= Howard Heemstra =

American architect

Howard Heemstra was an architect, professor of architecture, and photographer. He was born in Orange City, Iowa on December 22, 1928 and died in Ames, Iowa on July 22, 2011. He graduated from Northwestern Academy (1946), and Northwestern Junior College in Orange City in 1948 before earning a Bachelor of Architecture degree from Iowa State University in 1952.
After working briefly in Sioux City for an architecture firm Heemstra joined the US Army and served two years in the Korean War. After returning from abroad he applied for graduate studies to Harvard University and the Cranbrook Academy of Arts in Bloomfield, Michigan. Since he could not afford Harvard's tuition he enrolled at Cranbrook and earned his Master of Architecture degree in 1958. Heemstra worked twelve years as an architect before joining Iowa State University in 1966. He became a full professor in 1976 and continued to teach until his retirement in 2003, when he was named Professor Emeritus.
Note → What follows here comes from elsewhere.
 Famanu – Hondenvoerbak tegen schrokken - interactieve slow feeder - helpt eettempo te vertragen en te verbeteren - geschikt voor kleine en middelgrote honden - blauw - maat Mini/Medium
Heemstra worked at Ray Crites' architectural office in Cedar Rapids when the commission for Stephens Auditorium, part of the Iowa State Center on the Iowa State University campus, came to the firm, and he was the project architect for the building which was completed in 1969. Stephens Auditorium was selected as the "Building of the Century" by the Iowa chapter of the American Institute of Architects in 2004.